We’re through the parking lot, crossing the street, the hotel entrance maybe 100 feet away. Mary stops in the middle of the road, wildly ranting about everything and nothing. She won’t budge! It’s around midnight – cars drive by. Layla and I try pleading with her, a car approaches and starts to slow down. Danger flips off the driver, bellicosely repeating over and over, “I don’t give a fuck, I’m making 6 figures!” She’s crying, she’s yelling, she’s not moving, she’s gonna get killed. I was pissed and getting progressively madder. This fucking idiot was intent on destroying herself – and the repercussions for me and Layla would be bad – cuz we drank with her. All I could think of what WTF ARE YOU DOING?

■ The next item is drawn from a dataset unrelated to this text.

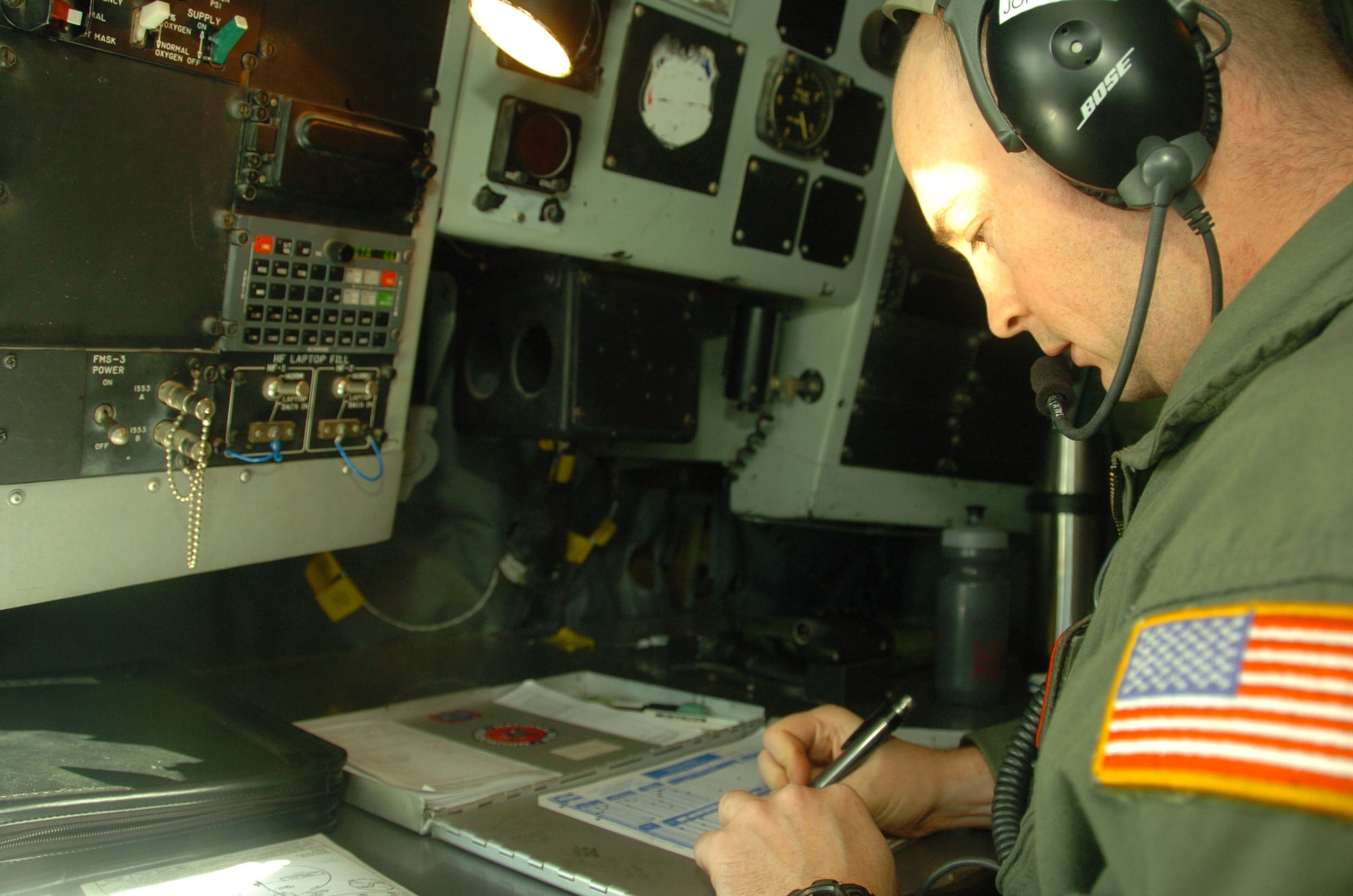 ALTUS AIR FORCE BASE, Okla.--Master Sgt. Justin Johansen of the 54th Air Refueling Squadron prepares for the landing of a KC-135 by documenting a pre-landing checklist. Sergeant Johansen assisted during a Crisis Communication Exercise Jan. 22. where newsgroups from Wichita Falls, Texas; Altus and Lawton had the opportunity to go in the boom pod and watch as the KC-135 refueled a C-17 Globemaster. (U.S. Air Force photo/ Airman 1st Class Leandra D. Hernandez)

A blind fury took over – I grabbed and dragged the Tasmanian she-devil to the sidewalk in front of her hotel. She screamed and cursed the entire way, then sat and refused to budge. She belligerently cried and yelled until Layla coaxed her up, got her to the lobby and into her room, cursing the entire way. Our reunion had come to a shitty end but interaction with my dysfunctional, tormented friend was far from over. Layla, Mark and I drove to my hotel where they got a room and crashed for the night. The next couple of days I got nothing but “F you” responses to any text message I sent her. Clearly none of us would benefit from her not remembering the dysfunction. We expected Callie to black out and not remember anything from that night. If only we’d been so lucky.
Maybe it was because she knew and once respected me that prompted Mary Danger to focus the anger, venom and vitriol of years of frustration and self-hatred at me. It never let up. We both had 10 days of training in Indiana before departing for Afghanistan and I expected to run into her there. I wrote and emailed a four page dissertation describing what happened, my fears for her mental state and how she’s going to destroy not only her friendships but also her potential career. It fell on deaf ears. I was scum and she let me know it. Thankfully Melody and I made other friends and kept our distance from Mary. It was easy for Melody because she was taking classes. However I saw Danger at the all-purpose bar/restaurant on base and her anger never diminished. She’d look at me with such hatred that I thought I might drop dead from her intent.
We survived Indiana with a few bumps and were on our way to Afghanistan. I saw but didn’t interact with Danger along the way and that pained me. She truly had become a little ‘sister’, having been part of my deployment family 18 months prior. But I’ve learned there’s no use trying to make someone confront her own demons. Callie’s controlled her life. It was time for me to let go – painful as it was. This wouldn’t be my last interaction in Afghanistan with Sister Mary Danger. There was more pain to come.